( Originally Published Early 1900's )
AS our train crossed the Great Salt Lake the farther shores were glistening in a golden haze, half real, half mirage, like the shores as you see them from the monastery at Amalfi on a sunny day. Beyond the lake a portion of the desert was glazed with a curious thin film of water—evidently overflow—in which the forms of stony hills at the mar-gin of the waste were reflected so clearly that the eye could not determine the exact point of meeting between cliff and plain. Farther out in the desert there was no water, and as we left the hills behind, the world be-came a great white arid reach, flat as only moist sand can be flat, and tragic in its desolation. For a time nothing, literally, was visible but sky and desert, save for a line of telegraph poles, rising forlornly beside the right-of-way.
I found the desert impressive, but my companion, whose luncheon had not agreed with him, declared that it was not up to specifications.
"Any one who is familiar with Frederick Remington's drawings," he said, "knows that there must be skeletons and buffalo skulls stuck around on deserts."
I was about to explain that the Western Pacific was a new railroad and that probably they had not yet found time to do their landscape gardening along the line, when, far ahead, I caught sight of a dark dot on the sand. I kept my eye on it. As our train overtook it, it began to assume form, and at last I saw that it was actually a prairie schooner. Presently we passed it. It was moving slowly along, a few hundred yards from the track. The horses were walking; their heads were down and they looked tired. The man who was driving was the only human being visible; he was hunched over, and when the train went by, he never so much as turned his head.

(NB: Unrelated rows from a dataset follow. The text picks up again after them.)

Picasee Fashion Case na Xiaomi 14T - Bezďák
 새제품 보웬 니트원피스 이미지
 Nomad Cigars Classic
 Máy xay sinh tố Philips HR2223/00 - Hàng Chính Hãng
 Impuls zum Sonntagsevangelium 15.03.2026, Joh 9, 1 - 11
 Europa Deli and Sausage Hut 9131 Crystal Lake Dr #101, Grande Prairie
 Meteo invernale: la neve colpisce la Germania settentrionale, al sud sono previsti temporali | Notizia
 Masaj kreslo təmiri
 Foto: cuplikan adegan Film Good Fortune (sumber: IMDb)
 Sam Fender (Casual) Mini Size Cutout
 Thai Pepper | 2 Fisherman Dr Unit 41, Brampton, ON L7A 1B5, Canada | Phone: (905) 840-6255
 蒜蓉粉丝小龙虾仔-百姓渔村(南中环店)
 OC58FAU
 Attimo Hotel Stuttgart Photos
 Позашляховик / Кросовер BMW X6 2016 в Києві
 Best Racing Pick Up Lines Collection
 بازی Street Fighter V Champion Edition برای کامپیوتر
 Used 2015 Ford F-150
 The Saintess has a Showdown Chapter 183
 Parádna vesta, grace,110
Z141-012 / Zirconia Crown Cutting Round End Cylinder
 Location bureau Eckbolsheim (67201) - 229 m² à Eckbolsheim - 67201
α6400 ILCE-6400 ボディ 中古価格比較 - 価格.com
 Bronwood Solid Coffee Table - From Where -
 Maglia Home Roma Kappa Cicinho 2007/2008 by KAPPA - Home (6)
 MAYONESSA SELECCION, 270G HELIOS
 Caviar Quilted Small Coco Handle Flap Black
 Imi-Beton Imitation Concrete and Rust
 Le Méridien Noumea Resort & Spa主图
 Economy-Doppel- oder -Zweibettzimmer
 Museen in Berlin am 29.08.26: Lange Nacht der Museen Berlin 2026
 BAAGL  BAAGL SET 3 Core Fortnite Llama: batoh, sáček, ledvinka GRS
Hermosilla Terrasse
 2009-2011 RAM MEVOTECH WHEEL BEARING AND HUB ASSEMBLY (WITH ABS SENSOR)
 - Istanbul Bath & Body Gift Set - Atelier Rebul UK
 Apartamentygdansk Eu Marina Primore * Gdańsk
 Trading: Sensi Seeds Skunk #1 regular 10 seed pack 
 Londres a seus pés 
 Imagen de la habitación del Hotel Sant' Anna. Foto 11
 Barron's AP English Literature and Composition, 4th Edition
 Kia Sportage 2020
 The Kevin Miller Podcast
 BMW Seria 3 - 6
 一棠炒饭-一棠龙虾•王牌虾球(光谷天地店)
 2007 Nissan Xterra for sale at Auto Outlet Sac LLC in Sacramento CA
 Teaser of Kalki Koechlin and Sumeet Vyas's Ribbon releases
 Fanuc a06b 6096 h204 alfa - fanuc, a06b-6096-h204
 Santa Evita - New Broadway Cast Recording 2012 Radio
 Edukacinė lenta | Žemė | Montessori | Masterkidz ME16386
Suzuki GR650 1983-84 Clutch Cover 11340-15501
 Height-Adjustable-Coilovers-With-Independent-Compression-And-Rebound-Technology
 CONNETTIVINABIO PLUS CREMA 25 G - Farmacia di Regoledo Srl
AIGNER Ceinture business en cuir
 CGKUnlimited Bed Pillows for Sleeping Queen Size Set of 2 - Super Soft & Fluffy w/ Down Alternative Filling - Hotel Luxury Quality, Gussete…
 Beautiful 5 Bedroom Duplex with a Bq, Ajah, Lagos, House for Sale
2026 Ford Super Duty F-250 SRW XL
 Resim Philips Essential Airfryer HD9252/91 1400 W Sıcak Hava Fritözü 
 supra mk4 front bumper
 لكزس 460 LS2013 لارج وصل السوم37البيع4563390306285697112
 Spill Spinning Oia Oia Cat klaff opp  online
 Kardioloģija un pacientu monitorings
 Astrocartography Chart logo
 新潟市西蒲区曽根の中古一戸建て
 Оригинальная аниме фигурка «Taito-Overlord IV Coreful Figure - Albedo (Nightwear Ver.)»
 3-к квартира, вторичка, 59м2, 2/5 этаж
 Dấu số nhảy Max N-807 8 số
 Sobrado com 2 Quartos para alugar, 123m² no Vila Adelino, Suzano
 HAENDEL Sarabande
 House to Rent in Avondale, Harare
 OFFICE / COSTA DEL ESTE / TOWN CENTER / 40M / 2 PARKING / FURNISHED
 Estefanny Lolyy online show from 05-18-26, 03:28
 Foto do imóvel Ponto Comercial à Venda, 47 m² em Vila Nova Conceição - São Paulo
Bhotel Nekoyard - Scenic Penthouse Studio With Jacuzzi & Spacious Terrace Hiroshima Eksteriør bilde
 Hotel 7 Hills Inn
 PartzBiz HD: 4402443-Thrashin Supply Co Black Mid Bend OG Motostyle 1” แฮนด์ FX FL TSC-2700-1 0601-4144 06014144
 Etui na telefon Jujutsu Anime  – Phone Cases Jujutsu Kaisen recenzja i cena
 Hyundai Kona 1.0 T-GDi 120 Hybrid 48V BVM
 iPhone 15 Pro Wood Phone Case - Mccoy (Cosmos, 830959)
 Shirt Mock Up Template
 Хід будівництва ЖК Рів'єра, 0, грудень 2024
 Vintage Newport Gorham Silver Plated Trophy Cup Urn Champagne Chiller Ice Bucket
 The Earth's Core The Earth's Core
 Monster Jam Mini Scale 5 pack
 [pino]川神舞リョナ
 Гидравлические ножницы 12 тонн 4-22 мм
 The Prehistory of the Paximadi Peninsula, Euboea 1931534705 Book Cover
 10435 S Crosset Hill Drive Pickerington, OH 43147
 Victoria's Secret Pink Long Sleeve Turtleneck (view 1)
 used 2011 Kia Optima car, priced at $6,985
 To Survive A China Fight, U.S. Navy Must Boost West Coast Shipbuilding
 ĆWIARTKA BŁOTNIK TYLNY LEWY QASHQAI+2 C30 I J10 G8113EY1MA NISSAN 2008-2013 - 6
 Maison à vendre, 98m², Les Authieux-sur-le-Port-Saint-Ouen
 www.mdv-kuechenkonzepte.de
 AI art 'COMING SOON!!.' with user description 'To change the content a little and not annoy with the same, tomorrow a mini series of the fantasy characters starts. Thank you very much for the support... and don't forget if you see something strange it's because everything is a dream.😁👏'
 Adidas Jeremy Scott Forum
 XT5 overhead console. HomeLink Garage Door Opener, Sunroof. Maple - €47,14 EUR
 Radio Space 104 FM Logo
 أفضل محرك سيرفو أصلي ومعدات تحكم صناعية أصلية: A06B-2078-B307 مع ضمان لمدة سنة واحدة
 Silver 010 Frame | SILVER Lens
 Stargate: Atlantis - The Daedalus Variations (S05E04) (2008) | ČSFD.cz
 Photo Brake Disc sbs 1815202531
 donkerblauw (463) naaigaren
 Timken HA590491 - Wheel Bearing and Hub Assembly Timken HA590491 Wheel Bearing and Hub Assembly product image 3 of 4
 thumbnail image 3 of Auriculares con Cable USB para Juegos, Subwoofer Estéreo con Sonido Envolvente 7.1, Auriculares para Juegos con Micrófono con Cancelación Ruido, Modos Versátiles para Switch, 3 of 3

The picture was perfect. Even my companion admitted that, and ceased to demand skulls and skeletons. And when, two or three hours later, after having crossed the desert and worked our way into the hills, we saw a full-fledged cowboy on a pinto pony, we felt that the Western Pacific railroad was complete in its theatrical accessories.
The cowboy did his best to give us Western color. When he saw the train coming, he spurred up his pony, and waving a lasso, set out in pursuit of an innocent old milch cow, which was grazing nearby. That she was no range animal was evident. Her sleek condition and her calm demeanor showed that she was fully accustomed to the refined surroundings of the stable. As he came at her she gazed in horrified amazement, quite as some fat, dignified old lady might gaze at a bad little boy, running at her with a pea-shooter. Then, in bovine alarm, she turned and lumbered heavily away. The cowboy charged and cut her off, waving his rope and yelling. However, no capture was made. As soon as the train had passed the cowboy desisted, and poor old bossy was allowed to settle down again to comfortable grazing.
After a good dinner in one of those admirable dining cars one always finds on western roads, and a good smoke, my companion and I were ready for bed. But as we were about to retire, a fellow-passenger with whom we had been talking, asked, "Are n't you going to sit up for Elko ?"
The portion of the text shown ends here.